In a statement, Grasso said he was stepping down "with the deepest reluctance." But he added that "I believe this course is in the best interest of both the exchange and myself."
In a second, 90-minute meeting, the board later agreed that McCall, a former New York comptroller who now works in private equity, would serve as lead director. They also said co-chief operating officers Robert G. Britz and Catherine R. Kinney would see to day-to-day business at the exchange until a replacement is named. No interim chairman was named.
Grasso may not be easy to replace. Widely praised as a smart and savvy diplomat, the 57-year-old who started out as a floor clerk in 1968 became the NYSE's biggest promoter and cheerleader, transforming the opening and closing bells into public happenings. After the Sept. 11 terrorist attacks, he turned the resumption of trading into a tribute to the dead and a first step toward recovery of the financial district.
The NYSE was set to open the market Thursday without Grasso, who missed few opening and closing bells during his tenure. Kinney would host the opening, NYSE spokesman Ray Pellechia said.
Grasso also canceled a planned luncheon speech Thursday at the Investment Company Institute's conference on institutional trading, organizers said. ICI is the main mutual fund lobbying group.
Grasso is the latest prominent figure in the business world to fall in a three-year storm of public uproar over outsized pay and questionable practices in corporate boardrooms and executive suites. That anger was fueled by the collapse of stock prices in 2000 and a string of scandals, starting with Enron Corp.
No one has suggested Grasso is guilty of the sort of wrongdoing that led to criminal charges against executives at Enron, WorldCom Inc. and other companies. But some saw conflicts of interest among board members and too much influence from the chairman, both in selecting directors and naming them to committees.
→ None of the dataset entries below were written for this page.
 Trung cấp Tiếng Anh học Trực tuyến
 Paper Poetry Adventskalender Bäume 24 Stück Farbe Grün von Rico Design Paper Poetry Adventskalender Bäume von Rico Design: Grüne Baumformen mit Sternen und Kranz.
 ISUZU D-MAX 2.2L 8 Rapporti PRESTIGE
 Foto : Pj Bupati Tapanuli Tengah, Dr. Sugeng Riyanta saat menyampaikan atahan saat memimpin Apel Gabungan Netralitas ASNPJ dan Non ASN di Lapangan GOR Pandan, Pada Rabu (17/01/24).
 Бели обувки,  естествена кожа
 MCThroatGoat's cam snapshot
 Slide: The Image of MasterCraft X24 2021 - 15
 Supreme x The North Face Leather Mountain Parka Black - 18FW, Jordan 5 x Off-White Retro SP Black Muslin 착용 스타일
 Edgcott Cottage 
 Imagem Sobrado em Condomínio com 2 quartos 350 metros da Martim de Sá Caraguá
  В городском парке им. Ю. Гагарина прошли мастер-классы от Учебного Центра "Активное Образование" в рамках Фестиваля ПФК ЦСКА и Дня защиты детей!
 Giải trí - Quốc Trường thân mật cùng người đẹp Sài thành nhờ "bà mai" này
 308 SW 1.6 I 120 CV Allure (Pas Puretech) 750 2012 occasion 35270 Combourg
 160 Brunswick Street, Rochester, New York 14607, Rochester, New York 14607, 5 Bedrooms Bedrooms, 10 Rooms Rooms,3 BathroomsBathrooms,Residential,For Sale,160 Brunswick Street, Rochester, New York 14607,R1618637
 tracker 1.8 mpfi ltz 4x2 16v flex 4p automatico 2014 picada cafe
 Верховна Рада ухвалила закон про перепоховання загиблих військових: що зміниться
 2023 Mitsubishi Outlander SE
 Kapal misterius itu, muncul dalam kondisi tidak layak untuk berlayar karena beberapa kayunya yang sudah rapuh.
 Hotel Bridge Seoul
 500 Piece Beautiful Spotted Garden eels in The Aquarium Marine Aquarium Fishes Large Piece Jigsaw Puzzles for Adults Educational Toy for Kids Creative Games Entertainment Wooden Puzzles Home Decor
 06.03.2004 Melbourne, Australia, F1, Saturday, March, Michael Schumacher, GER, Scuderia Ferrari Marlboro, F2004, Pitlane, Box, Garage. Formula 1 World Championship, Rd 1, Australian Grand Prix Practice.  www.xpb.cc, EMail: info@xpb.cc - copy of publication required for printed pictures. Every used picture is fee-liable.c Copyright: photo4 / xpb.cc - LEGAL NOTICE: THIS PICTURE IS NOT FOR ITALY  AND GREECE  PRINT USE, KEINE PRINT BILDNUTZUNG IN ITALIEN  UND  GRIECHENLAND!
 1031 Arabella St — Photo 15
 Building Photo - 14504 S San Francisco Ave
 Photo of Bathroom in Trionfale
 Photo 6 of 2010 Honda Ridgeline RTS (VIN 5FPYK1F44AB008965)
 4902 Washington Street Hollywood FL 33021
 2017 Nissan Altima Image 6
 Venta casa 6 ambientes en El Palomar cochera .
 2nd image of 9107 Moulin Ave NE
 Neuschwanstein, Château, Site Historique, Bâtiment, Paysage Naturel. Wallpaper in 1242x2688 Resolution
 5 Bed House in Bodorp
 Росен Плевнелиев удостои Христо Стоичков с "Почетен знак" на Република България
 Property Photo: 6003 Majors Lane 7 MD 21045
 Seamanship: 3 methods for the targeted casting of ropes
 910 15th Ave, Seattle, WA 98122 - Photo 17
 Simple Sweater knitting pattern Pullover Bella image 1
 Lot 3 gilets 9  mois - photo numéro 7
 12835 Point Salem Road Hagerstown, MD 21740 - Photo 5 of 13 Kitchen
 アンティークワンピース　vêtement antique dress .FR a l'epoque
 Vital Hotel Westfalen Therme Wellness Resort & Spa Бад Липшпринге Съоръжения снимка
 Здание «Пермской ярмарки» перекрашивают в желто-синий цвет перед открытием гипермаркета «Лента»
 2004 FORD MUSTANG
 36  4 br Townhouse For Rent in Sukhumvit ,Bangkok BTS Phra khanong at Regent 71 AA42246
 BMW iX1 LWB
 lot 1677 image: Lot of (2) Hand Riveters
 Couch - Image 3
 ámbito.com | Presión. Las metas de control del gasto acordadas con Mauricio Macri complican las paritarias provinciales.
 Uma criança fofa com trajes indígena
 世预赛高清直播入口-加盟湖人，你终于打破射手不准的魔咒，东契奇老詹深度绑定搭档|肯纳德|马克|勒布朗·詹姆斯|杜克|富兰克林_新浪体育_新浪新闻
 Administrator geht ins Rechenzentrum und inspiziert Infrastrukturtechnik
Grasso has insisted he did nothing to influence his pay. At a Sept. 9 news conference, he said that each year, when informed of his compensation, his response was: "I'm blessed. Thank you."
Critics say now it's time to take a hard look at the directors themselves. Grasso's departure is but "one small step for shareholders," said Nell Minow, editor of the Corporate Library, a private research group that studies business governance.
"The CEO took the money, now we need to look at the people who paid the money," Minow said. "They should all be replaced. Obviously you can't do that all right this minute, but the next thing that happens has got to be a very serious board assessment."
The NYSE revealed its top executive's pay for the first time on Aug. 27, as it announced Grasso's contract extension through 2007. The disclosure was part of a larger effort to conform with new governance rules being applied to public companies, but the magnitude of the sum sent jaws dropping.
Securities and Exchange Commission chairman William Donaldson, who held the top NYSE post before Grasso, sent a sharply worded letter on Sept. 2, requesting details. The NYSE responded that Grasso was entitled to another $48 million, which he said he would forgo. Still, many were stunned by the new revelation and outrage spiraled.
Under his current contract, Grasso is entitled to at least $9.6 million in severance pay - equal to his salary and target bonus for the next four years - as well as lifetime health and life insurance for himself and his wife. He's already declined other provisions, including supplemental retirement benefits, a $5 million bonus and funds vested in a capital accumulation plan, which were included in the $48 million.
Aside from the fantastic sums, there was little unusual in the contract's provisions in the event of "involuntary termination without cause," which is what appears to have happened in this case, said Peter N. Hillman, who specializes in employment matters as a partner at the law firm of Chadbourne & Parke.
"It looks like something we might have done for one of our clients, though certainly not with so many zeros," Hillman said after surveying the contract. "This guy, he doesn't have to worry about a thing."